Website creation guidelines

Guidelines for website creation aim to :

  • Ease the deployment from test server to production server
  • Better integration into the operating system (FHS compliant)
  • Simplify data backup
  • Lessen security risk
  • Improve scalability
  • Leave room for performance improvements

Introduction

Usually when creating a website we use to create our files and put them all inside the server document root. Whatever the file is generated by scripts for a short time or file is uploaded to the server by any user or is simply a static HTML file to be served as is.

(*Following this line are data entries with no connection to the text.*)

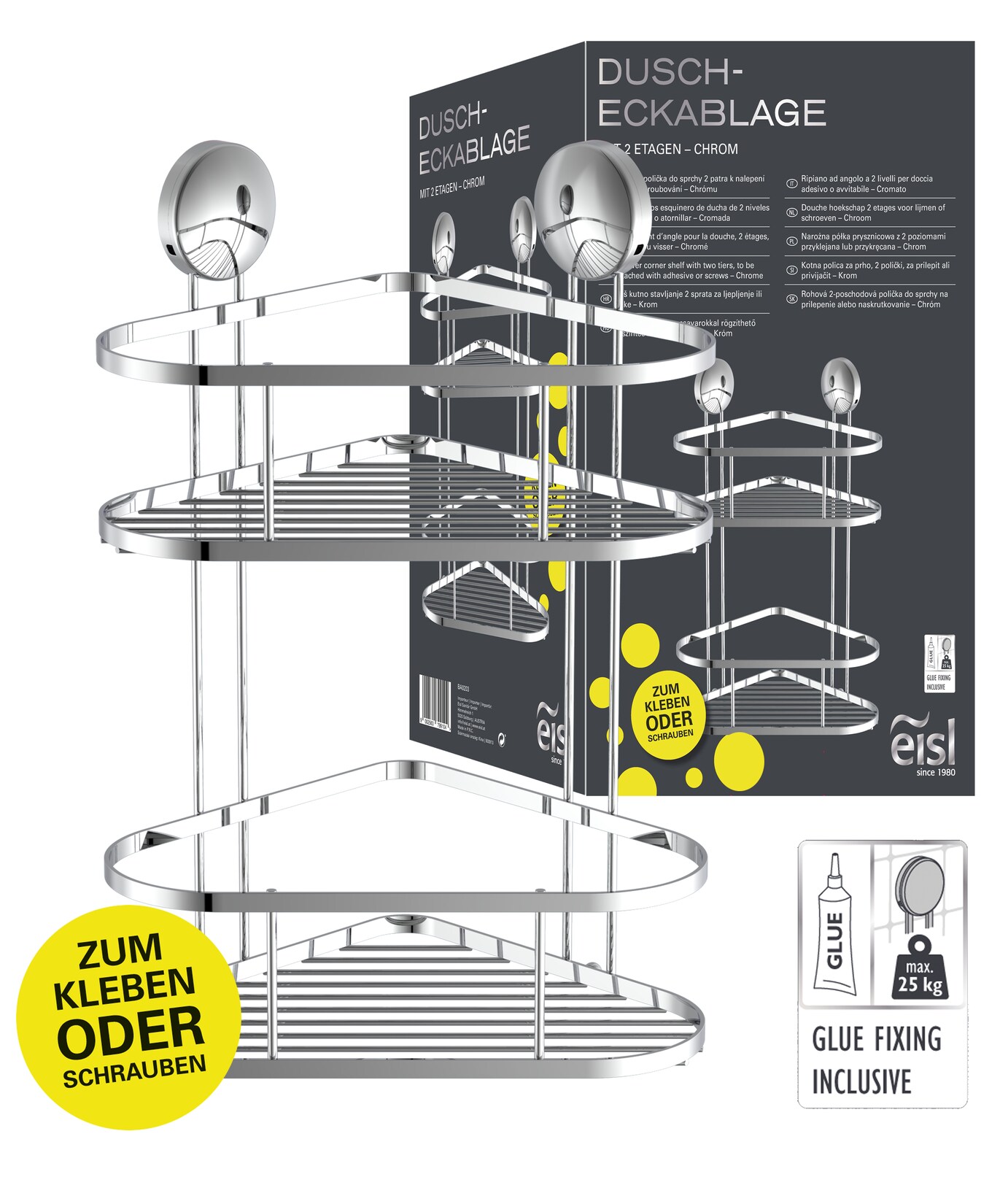Eisl Duschregal ohne Bohren 2 Etagen Chrom | 09002560799104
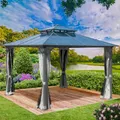 Produktbild: BRAST® Pavillon Aluminium Pagode 4x4m | viele Modelle & Farben | inkl. Moskitonetz | festes Dach | wasserdicht | stabil |UV-Schutz | Hellgrau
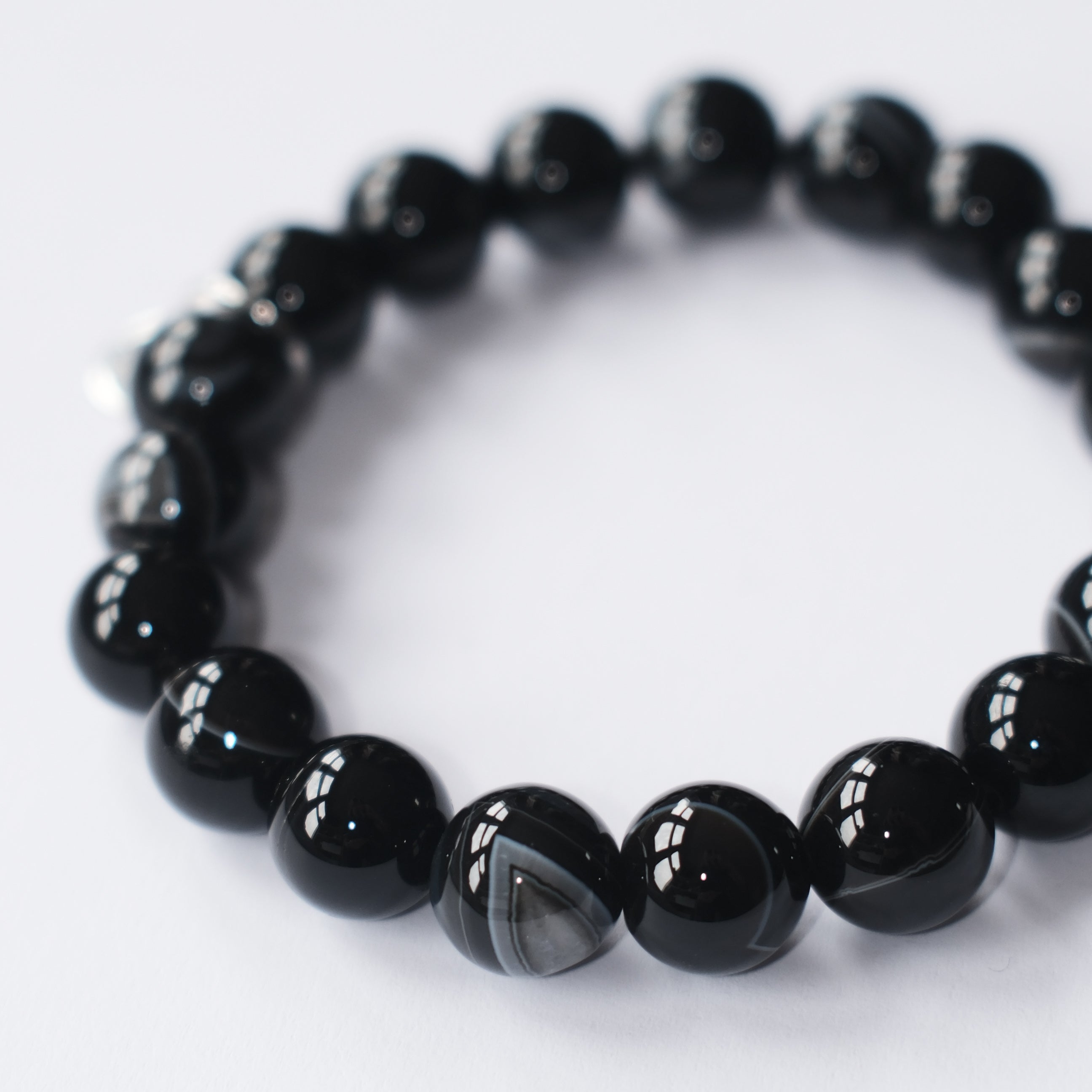 Black Agate Stretch Bracelet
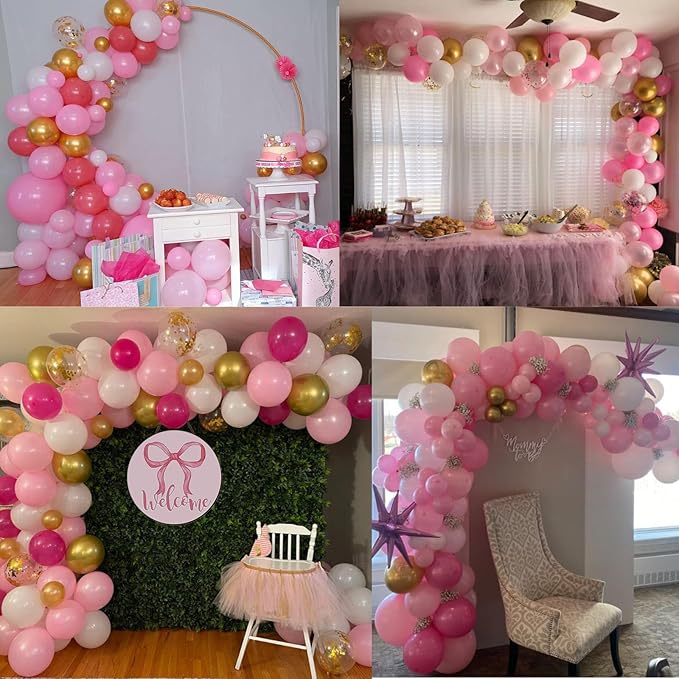 Pink Gold Balloons 60 Pcs 12 Inch Pink Gold White Balloons Retro Pearl Light Pink Gold Confetti Balloon for Girls Women Confession Proposal Engagement Wedding Baby Shower Birthday Party Decorations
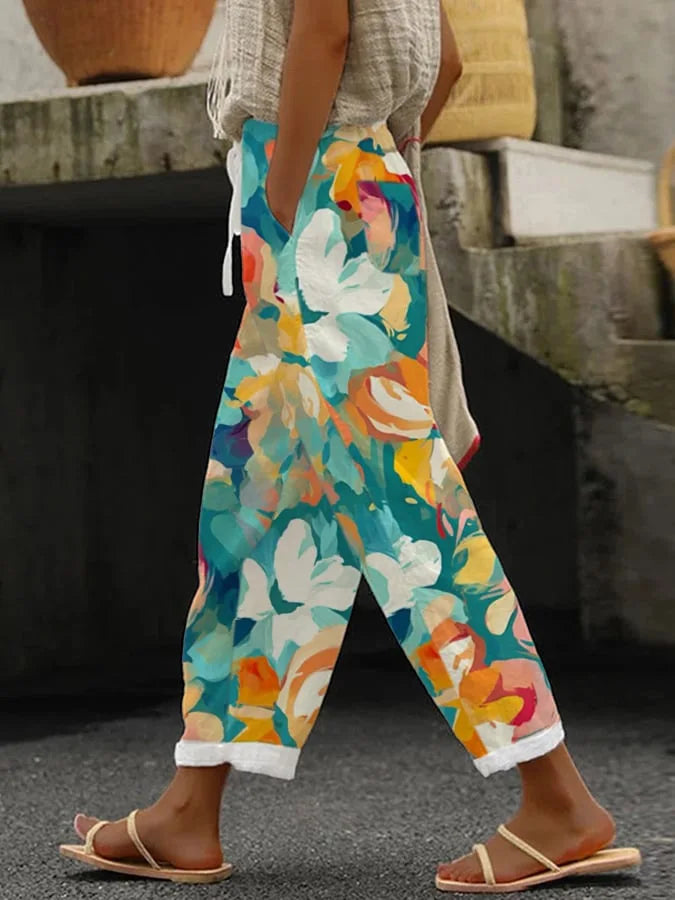 Elegant Printed Loose Ankle-Length Casual Pants for Women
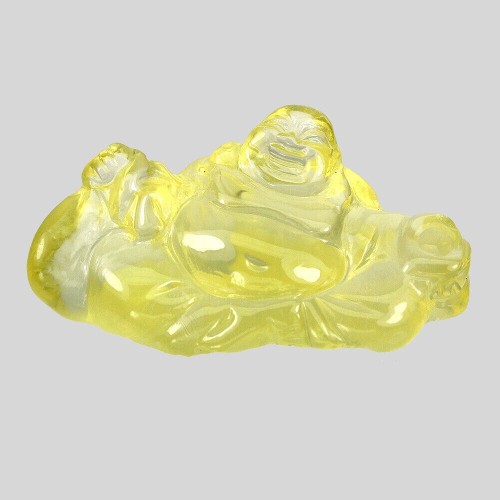 Lemon Quarz Naturstein Buddha Figur 30,28 ct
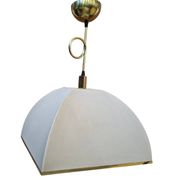 Lampadario Vintage anni '70 in Ottone e Stoffa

This can be dangerous as files might be wrongly interpreted (uploaded file go through PHP interpreter) or this may waste space (backup of cache or temporary files). Thus these guidelines come into play by giving advice on how to keep data separation while minimizing the burden of it.

Identifying problems

We have several issues that can be spotted :t

  • Uploaded files must be stored outside the server document root and be served through the application or by another light web server without any code interpreter.
  • Cache and/or spool files must be stored in a part of the server file system designed to handle those files.
  • Library must be stored outside the server document root.
  • Configuration files must be stored outside the server document root.
  • Template files must be stored outside the server document root.
  • Except for cache, spool and uploaded files the server process must have read-only access.
  • The server process must have execution rights only on scripts and cgi or binary.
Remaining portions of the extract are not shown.